Signed-off-by: Damien Le Moal <dlemoal@kernel.org>
---
fs/xfs/xfs_zone_alloc.c | 11 +++++++++++
1 file changed, 11 insertions(+)
diff --git a/fs/xfs/xfs_zone_alloc.c b/fs/xfs/xfs_zone_alloc.c
index 1147bacb2da8..c51788550c7c 100644
--- a/fs/xfs/xfs_zone_alloc.c
+++ b/fs/xfs/xfs_zone_alloc.c
@@ -622,6 +622,17 @@ static inline enum rw_hint xfs_inode_write_hint(struct xfs_inode *ip)
*/
static inline bool xfs_zoned_pack_tight(struct xfs_inode *ip)
{
+ struct xfs_mount *mp = ip->i_mount;
+ size_t zone_capacity =
+ XFS_FSB_TO_B(mp, mp->m_groups[XG_TYPE_RTG].blocks);
+
+ /*
+ * Do not pack tight large files that are already using a full group
+ * (zone) to avoid fragmentation.
+ */
+ if (i_size_read(VFS_I(ip)) >= zone_capacity)
+ return false;
+
return !inode_is_open_for_write(VFS_I(ip)) &&
!(ip->i_diflags & XFS_DIFLAG_APPEND);
}
--
2.51.0
^ permalink raw reply related [flat|nested] 2+ messages in thread* Re: [PATCH] xfs: do not tight-pack write large files
2025-10-13 6:45 [PATCH] xfs: do not tight-pack write large files Damien Le Moal
@ 2025-10-13 7:09 ` Christoph Hellwig
0 siblings, 0 replies; 2+ messages in thread
From: Christoph Hellwig @ 2025-10-13 7:09 UTC (permalink / raw)
To: Damien Le Moal
Cc: linux-xfs, Carlos Maiolino, Christoph Hellwig, Hans Holmberg
On Mon, Oct 13, 2025 at 03:45:12PM +0900, Damien Le Moal wrote:
> The tick-packing data block allocation which writes blocks of closed
> files in the same zone is very efficient at improving write performance
> on HDDs by reducing, and even suppressing, disk head seeks.
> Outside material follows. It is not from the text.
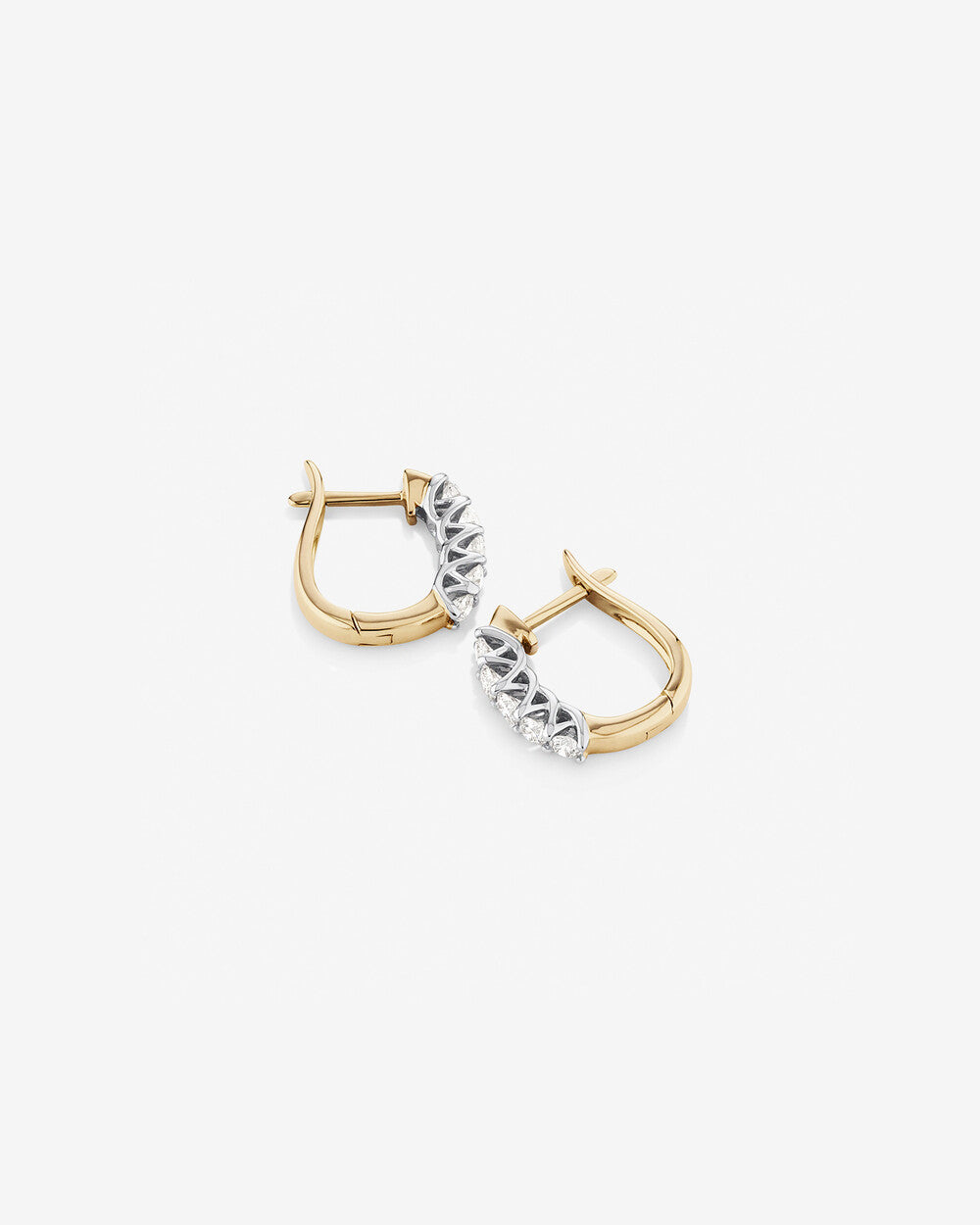 Hoop Earrings with 0.50 Carat of Lab Grown Diamonds in 14k Yellow & White Gold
However,
> such tight packing does not make sense for large files that require at
> least a full realtime block group (i.e. a zone). If tight-packing
> placement is applied for such files, the VM writeback thread switching
> between inodes result in the large file to be fragmented, thus
> increasing the garbage collection penalty later when the used realtime
> block group/zone needs to be reclaimed.
>
> This problem can be avoided with a simple heuristic: if the size of the
> inode being written back is at least equal to the realtime block group
> size, do not use tight-packing. Modify xfs_zoned_pack_tight() to always
> return false in this case.
>
> With this change, a multi-writer workload writing files of 256 MB on a
> file system backed by an SMR HDD with 256 MB zone size sees all files
> occupying exactly one zone, thus completely removing the heavy
> fragmentation observed without this change.
>
> Signed-off-by: Damien Le Moal <dlemoal@kernel.org>
> ---
> fs/xfs/xfs_zone_alloc.c | 11 +++++++++++
> 1 file changed, 11 insertions(+)
>
> diff --git a/fs/xfs/xfs_zone_alloc.c b/fs/xfs/xfs_zone_alloc.c
> index 1147bacb2da8..c51788550c7c 100644
> --- a/fs/xfs/xfs_zone_alloc.c
> +++ b/fs/xfs/xfs_zone_alloc.c
> @@ -622,6 +622,17 @@ static inline enum rw_hint xfs_inode_write_hint(struct xfs_inode *ip)
> */
> static inline bool xfs_zoned_pack_tight(struct xfs_inode *ip)
> {
> + struct xfs_mount *mp = ip->i_mount;
> + size_t zone_capacity =
> + XFS_FSB_TO_B(mp, mp->m_groups[XG_TYPE_RTG].blocks);
> +
> + /*
> + * Do not pack tight large files that are already using a full group
I'm not a native speaker, but shouldn't this be ordered differently
Do not pack large files that are already using a full group (zone)
to avoid fragmentation?
Also I'd say either zone or RTG. but not mix both names to avoid confusion.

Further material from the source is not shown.